__TASK DESCRIPTION__: Tally the lines of the material that carry the word "chairs". Give no more than the number.

__INFORMATION GIVEN__:
*** Block opens ***

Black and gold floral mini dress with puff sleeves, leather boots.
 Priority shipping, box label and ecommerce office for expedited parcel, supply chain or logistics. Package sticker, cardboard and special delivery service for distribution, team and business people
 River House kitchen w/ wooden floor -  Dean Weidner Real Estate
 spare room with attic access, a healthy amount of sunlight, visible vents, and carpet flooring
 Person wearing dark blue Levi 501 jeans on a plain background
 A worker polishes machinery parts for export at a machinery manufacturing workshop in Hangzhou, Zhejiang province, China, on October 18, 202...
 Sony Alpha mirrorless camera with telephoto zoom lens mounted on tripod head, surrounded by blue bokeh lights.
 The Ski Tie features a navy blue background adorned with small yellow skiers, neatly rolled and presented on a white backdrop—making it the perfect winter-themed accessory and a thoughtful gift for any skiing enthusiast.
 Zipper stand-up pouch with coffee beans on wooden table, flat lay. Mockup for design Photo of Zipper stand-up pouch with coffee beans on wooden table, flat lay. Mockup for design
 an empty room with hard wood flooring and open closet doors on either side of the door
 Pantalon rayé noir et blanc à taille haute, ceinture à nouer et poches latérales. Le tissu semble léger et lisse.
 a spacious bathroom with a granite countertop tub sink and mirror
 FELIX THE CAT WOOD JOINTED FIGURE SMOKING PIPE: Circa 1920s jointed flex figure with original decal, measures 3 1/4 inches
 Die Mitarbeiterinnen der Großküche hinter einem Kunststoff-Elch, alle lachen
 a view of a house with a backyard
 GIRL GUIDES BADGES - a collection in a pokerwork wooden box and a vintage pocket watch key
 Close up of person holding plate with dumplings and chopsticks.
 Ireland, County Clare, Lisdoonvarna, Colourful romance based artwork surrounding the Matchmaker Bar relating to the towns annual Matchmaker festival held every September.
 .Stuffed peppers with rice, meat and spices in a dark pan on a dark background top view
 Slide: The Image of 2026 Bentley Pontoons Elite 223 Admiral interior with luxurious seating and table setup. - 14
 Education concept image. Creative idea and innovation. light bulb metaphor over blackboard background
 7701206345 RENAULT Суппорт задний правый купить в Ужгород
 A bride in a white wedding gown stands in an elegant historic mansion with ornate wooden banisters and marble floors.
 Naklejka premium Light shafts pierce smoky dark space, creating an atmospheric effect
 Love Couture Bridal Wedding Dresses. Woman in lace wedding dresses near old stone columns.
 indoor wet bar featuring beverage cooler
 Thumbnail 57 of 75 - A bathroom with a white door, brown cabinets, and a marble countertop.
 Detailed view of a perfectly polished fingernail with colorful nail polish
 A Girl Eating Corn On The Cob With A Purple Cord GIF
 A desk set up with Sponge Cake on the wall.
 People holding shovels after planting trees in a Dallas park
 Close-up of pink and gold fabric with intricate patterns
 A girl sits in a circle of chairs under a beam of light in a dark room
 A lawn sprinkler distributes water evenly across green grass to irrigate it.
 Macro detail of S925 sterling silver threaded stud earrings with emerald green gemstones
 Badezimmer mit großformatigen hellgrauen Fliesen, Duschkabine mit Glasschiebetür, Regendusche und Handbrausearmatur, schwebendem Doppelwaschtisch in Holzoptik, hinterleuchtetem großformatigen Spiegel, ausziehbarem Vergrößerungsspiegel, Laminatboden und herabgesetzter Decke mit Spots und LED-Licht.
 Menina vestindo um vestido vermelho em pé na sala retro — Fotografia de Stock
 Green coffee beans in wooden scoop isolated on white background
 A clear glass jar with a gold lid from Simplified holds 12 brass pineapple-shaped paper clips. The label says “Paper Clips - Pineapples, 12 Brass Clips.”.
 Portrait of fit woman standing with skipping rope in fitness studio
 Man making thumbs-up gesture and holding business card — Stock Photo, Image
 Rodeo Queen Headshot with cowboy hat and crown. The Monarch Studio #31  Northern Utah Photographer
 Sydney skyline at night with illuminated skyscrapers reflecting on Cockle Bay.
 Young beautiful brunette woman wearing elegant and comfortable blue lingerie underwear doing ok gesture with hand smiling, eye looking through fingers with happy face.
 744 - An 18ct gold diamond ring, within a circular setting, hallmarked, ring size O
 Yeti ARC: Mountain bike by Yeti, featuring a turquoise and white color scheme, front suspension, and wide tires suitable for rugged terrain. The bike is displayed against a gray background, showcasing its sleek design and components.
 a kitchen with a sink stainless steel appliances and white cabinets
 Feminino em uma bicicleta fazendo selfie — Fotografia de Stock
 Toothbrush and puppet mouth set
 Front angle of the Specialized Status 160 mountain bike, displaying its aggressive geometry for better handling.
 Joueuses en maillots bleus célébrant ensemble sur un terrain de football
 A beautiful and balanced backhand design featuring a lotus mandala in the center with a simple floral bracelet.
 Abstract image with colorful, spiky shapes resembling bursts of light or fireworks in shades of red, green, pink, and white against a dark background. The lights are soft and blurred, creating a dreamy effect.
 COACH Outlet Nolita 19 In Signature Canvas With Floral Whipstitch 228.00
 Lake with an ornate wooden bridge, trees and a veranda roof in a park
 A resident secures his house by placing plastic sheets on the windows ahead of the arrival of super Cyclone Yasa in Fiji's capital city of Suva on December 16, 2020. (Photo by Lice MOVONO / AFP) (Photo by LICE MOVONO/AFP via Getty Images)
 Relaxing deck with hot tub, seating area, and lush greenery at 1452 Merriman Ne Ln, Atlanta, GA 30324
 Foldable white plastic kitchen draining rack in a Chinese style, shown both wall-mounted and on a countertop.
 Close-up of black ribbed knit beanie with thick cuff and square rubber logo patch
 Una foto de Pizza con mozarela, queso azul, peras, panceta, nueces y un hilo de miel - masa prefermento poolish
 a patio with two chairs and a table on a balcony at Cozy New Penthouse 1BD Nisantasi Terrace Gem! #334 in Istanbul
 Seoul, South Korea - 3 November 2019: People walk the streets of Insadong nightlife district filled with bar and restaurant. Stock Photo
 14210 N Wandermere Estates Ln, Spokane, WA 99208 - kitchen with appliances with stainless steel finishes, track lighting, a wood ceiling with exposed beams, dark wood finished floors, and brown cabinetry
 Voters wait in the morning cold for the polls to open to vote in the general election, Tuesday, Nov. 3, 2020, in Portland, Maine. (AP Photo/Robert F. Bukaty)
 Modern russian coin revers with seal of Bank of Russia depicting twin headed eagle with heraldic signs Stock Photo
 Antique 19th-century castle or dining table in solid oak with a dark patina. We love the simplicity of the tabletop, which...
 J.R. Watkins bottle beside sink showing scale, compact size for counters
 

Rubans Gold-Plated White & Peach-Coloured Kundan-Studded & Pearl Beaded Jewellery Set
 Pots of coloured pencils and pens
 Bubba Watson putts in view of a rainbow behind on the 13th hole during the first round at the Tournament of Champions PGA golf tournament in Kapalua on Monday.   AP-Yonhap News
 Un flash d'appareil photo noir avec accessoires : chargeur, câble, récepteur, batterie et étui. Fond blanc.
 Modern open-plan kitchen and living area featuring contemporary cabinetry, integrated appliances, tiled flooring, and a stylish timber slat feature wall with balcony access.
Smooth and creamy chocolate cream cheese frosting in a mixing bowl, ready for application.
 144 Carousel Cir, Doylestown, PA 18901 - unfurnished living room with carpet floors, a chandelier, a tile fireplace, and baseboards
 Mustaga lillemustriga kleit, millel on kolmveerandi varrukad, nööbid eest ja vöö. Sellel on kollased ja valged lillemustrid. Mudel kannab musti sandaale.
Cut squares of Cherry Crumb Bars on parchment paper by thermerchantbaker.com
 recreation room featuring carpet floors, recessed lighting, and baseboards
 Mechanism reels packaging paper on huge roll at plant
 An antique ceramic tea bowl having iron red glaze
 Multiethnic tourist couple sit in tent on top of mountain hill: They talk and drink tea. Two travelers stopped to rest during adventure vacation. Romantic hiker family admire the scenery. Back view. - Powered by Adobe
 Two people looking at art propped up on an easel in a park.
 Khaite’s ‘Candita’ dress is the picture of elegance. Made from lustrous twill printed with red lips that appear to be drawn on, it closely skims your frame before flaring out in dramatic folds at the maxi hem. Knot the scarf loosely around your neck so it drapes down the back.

*** Block closes ***

__WRITTEN RESPONSE__: 2